**To do:** Quote each line of the material verbatim, without the pictures.
(Data provided Opens)
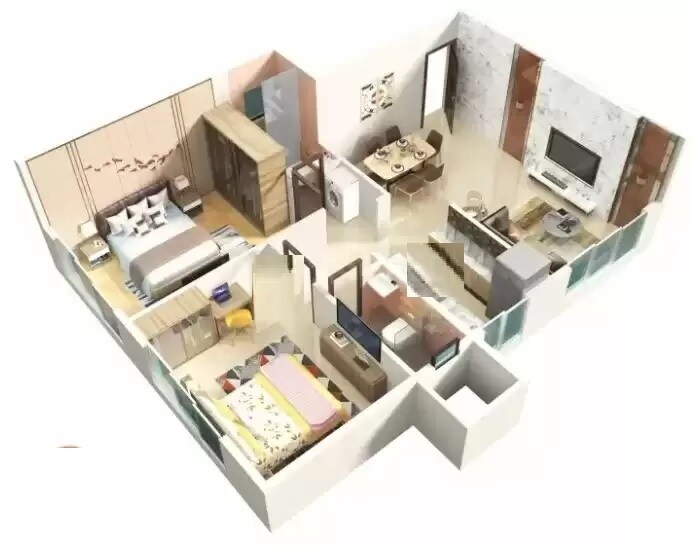 Floor plan of 2 BHK Apartment - 723 sq. ft. in Shree Kutchhi Bhanushali Nagar, Mumbai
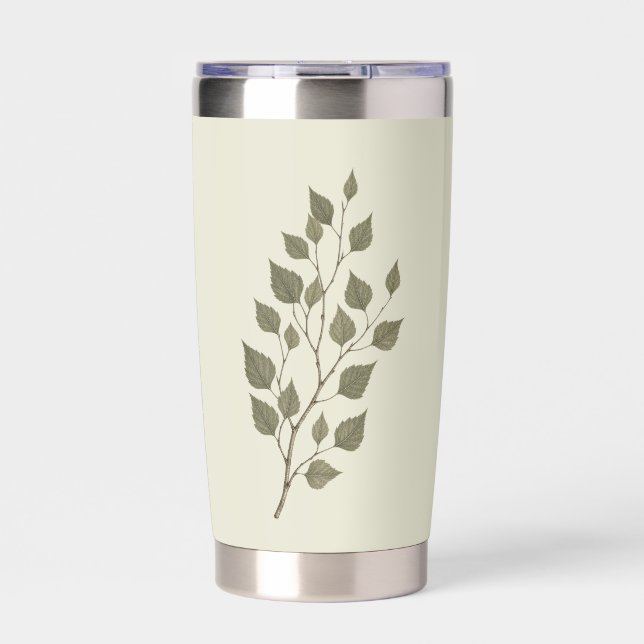 Vintage grüner Birkenzweig Thermobecher (Vorderseite)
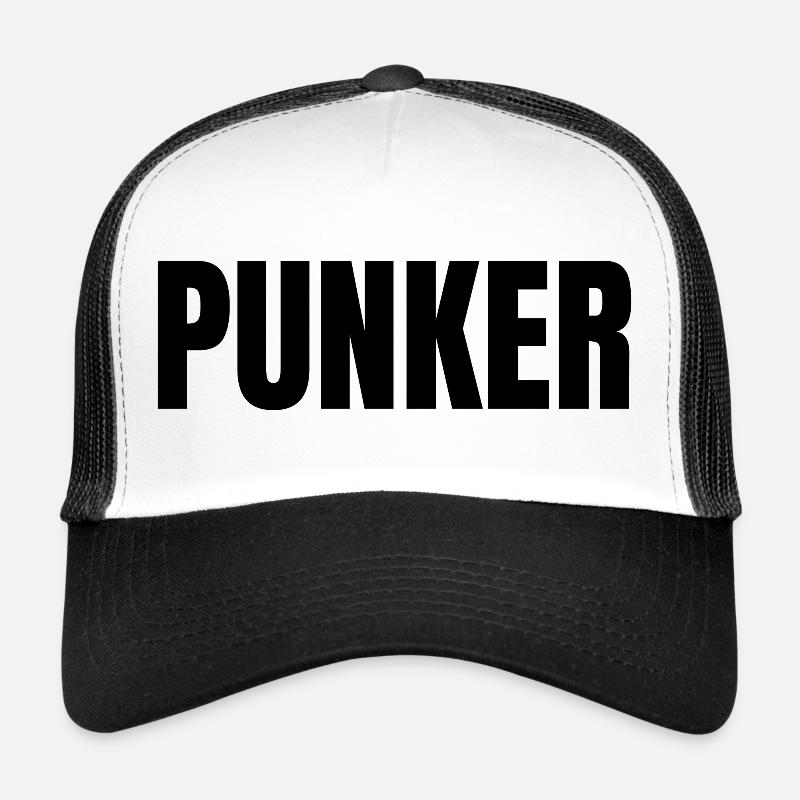 Lustiger Spruch Punker - Trucker Cap - Weiß/Schwarz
(Data provided Closes)
**Solution for this problem:**
 Floor plan of 2 BHK Apartment - 723 sq. ft. in Shree Kutchhi Bhanushali Nagar, Mumbai
 Vintage grüner Birkenzweig Thermobecher (Vorderseite)
 Lustiger Spruch Punker - Trucker Cap - Weiß/Schwarz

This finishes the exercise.